- [INPUT DATA]:
------------
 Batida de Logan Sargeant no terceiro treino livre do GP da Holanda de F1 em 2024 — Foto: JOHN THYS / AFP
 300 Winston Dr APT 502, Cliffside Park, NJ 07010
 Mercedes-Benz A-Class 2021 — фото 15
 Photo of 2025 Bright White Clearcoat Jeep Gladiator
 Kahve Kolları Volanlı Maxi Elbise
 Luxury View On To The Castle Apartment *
------------
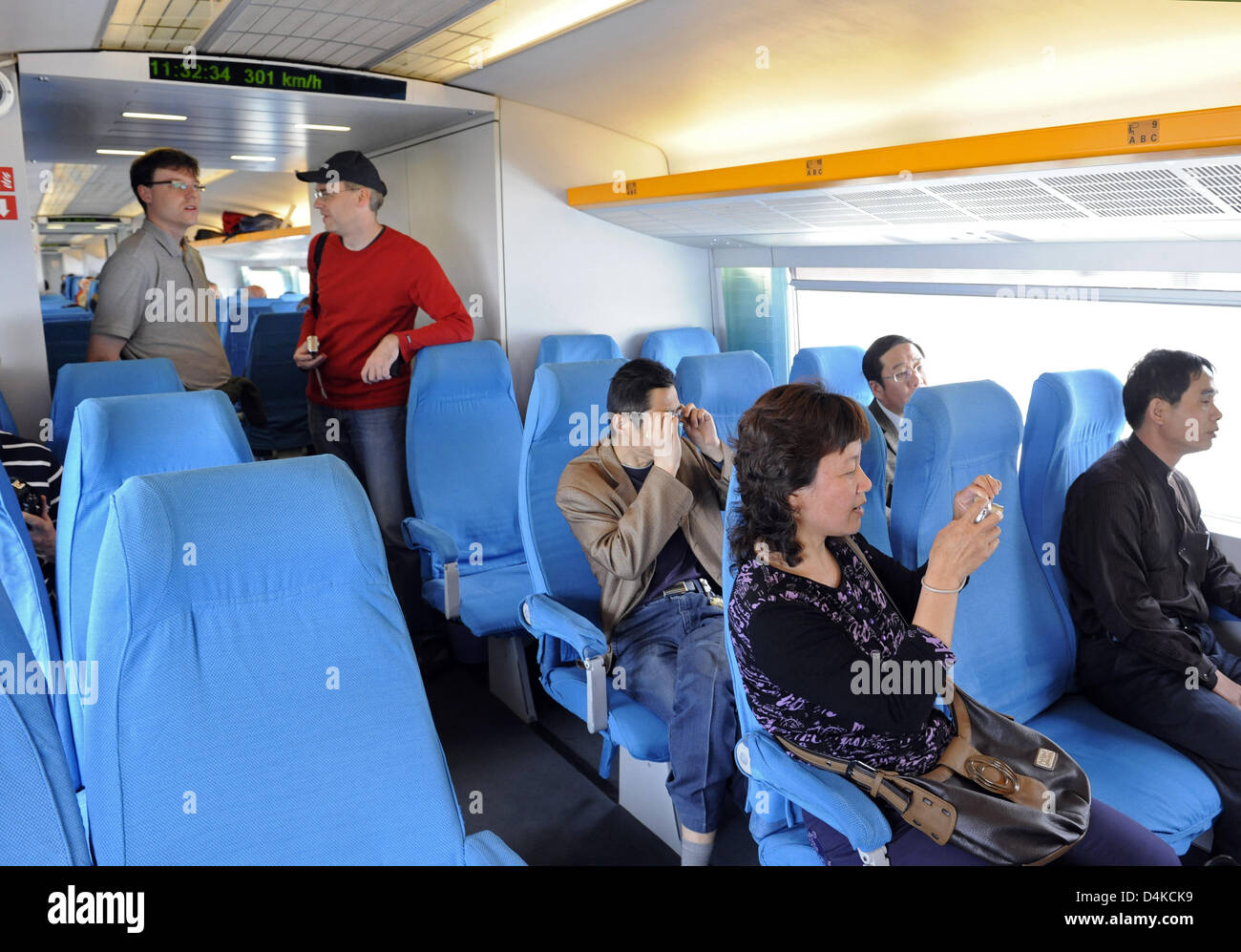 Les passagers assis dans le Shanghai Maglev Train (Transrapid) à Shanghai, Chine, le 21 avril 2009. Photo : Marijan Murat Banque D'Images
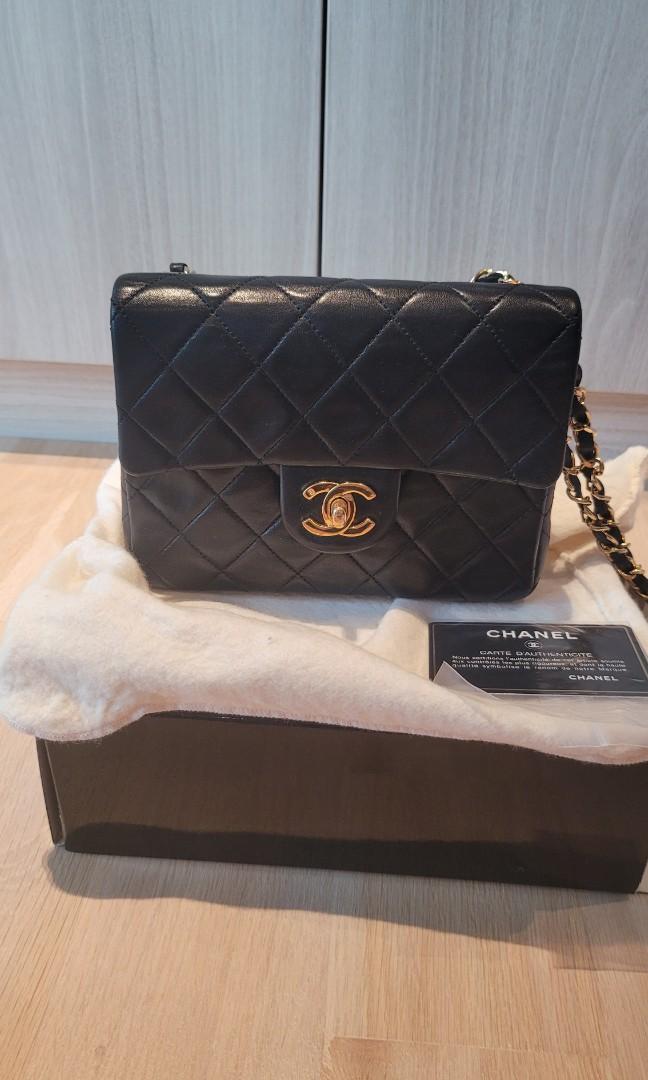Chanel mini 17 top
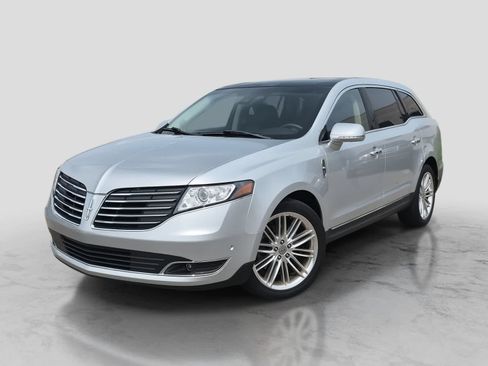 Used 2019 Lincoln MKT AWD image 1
------------
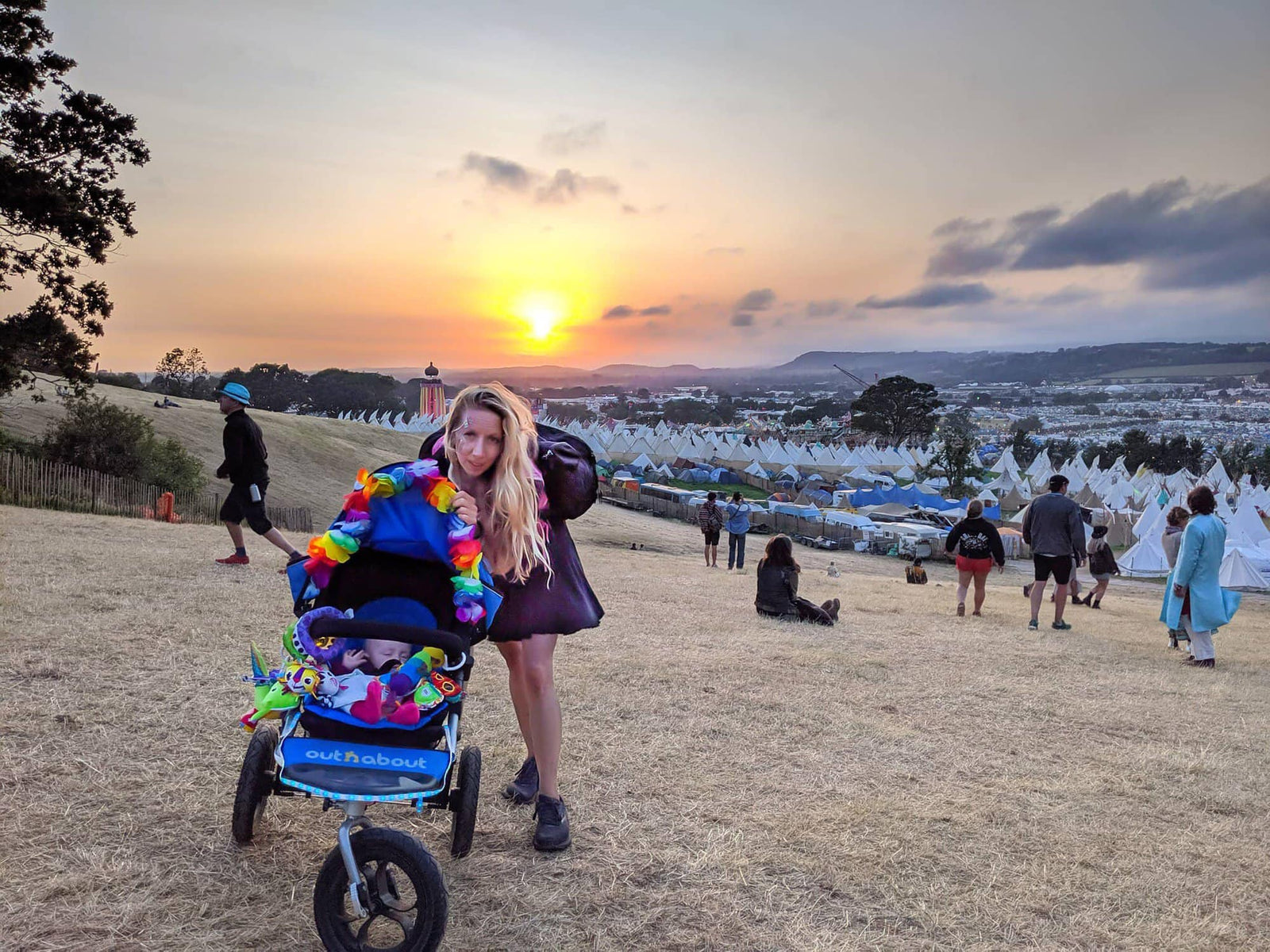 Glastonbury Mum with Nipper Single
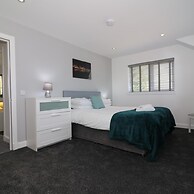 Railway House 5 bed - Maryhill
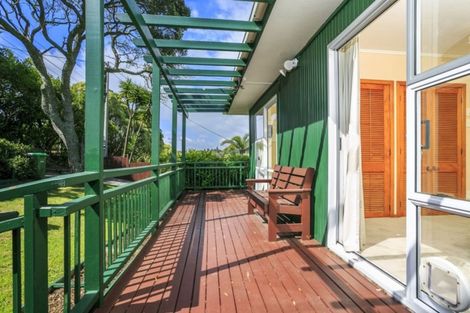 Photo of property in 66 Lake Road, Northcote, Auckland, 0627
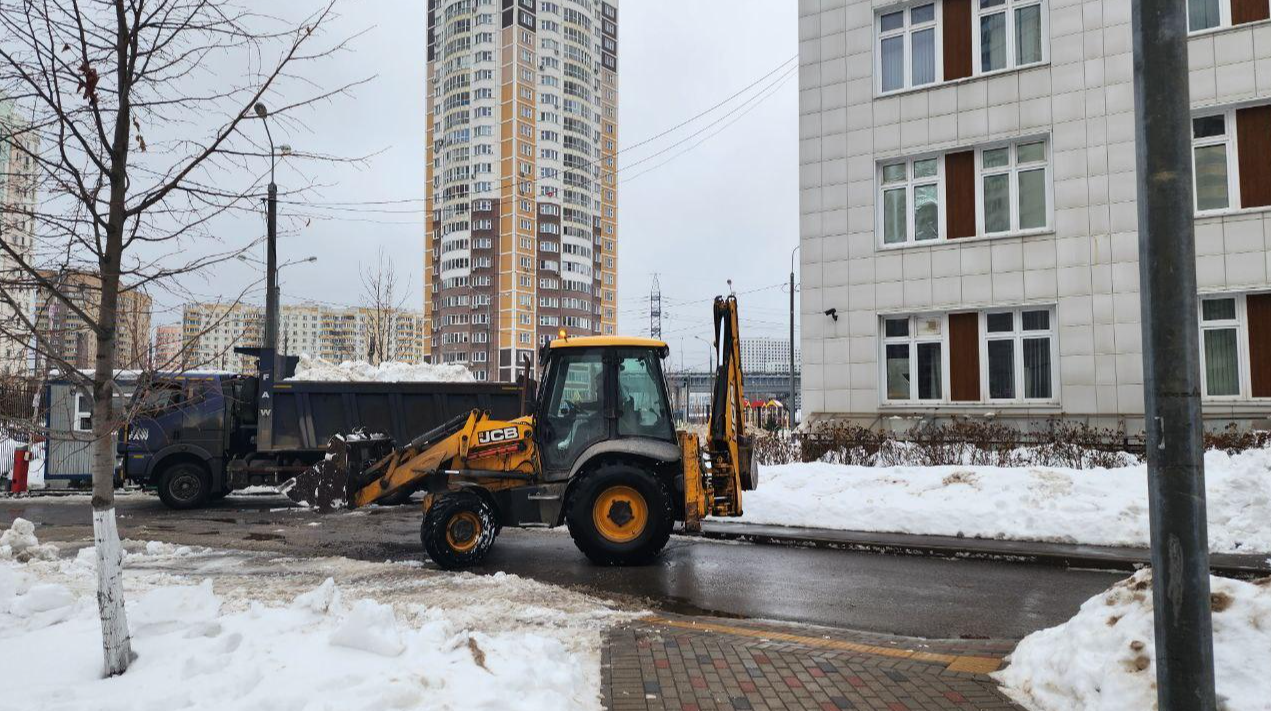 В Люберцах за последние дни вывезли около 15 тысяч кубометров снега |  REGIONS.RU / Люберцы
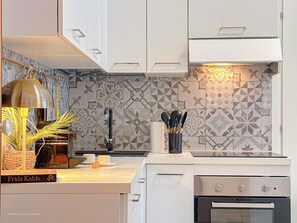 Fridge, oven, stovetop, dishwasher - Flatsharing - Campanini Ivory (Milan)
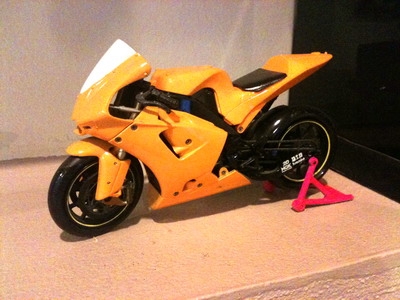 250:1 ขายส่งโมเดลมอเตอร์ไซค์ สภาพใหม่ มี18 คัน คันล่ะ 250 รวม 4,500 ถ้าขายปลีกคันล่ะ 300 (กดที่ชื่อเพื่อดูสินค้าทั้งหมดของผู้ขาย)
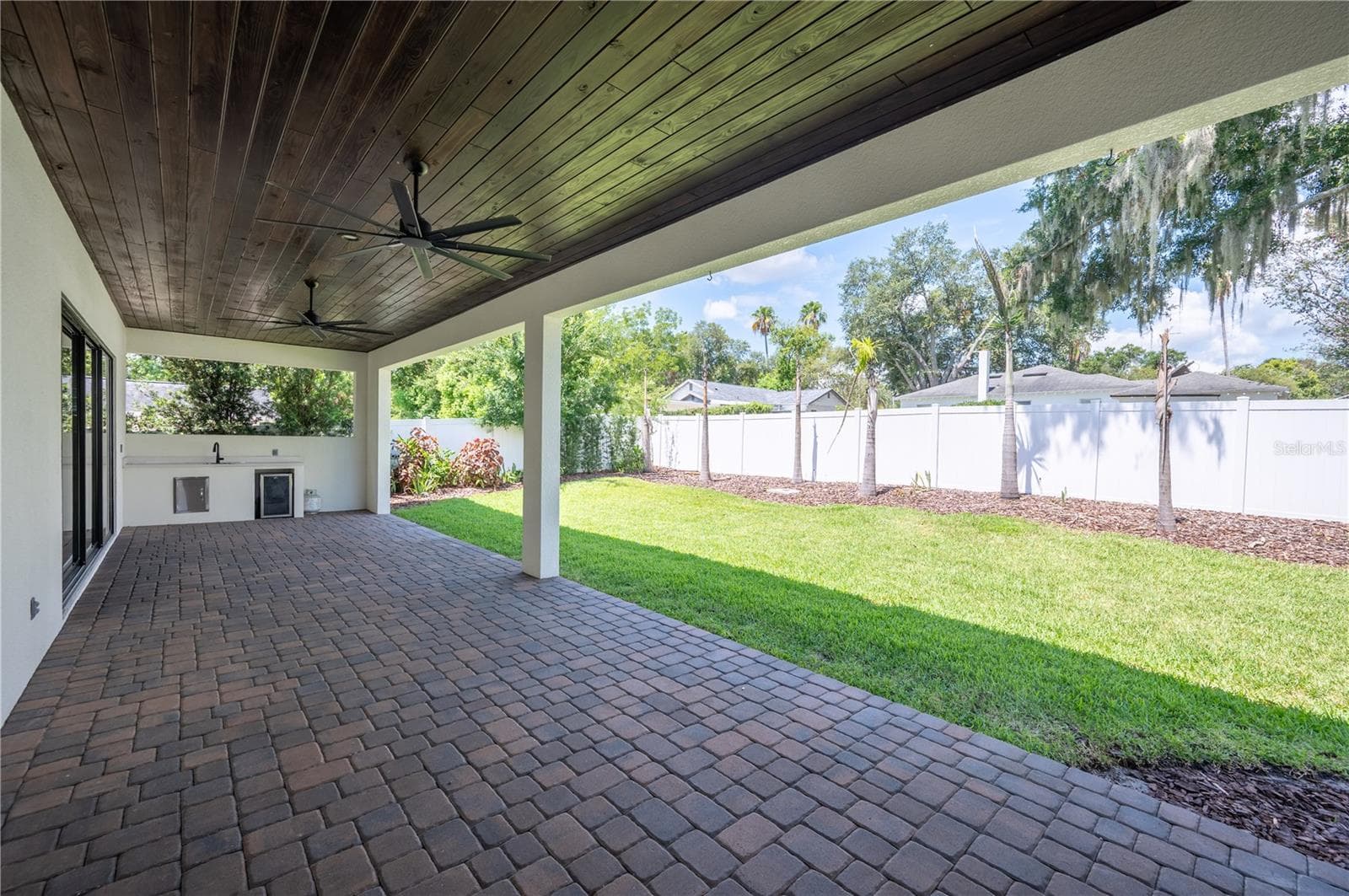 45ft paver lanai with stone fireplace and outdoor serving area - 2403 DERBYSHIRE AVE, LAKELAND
------------
- [WHAT THIS TASK INVOLVES]: What's needed is an exact copy of the records above from the line containing "Les passagers assis" down to the line containing "Used 2019 Lincoln MKT AWD image 1", both included, without any pictures.

- [RESULT FOR THIS TASK]:
 Les passagers assis dans le Shanghai Maglev Train (Transrapid) à Shanghai, Chine, le 21 avril 2009. Photo : Marijan Murat Banque D'Images
Chanel mini 17 top
 Used 2019 Lincoln MKT AWD image 1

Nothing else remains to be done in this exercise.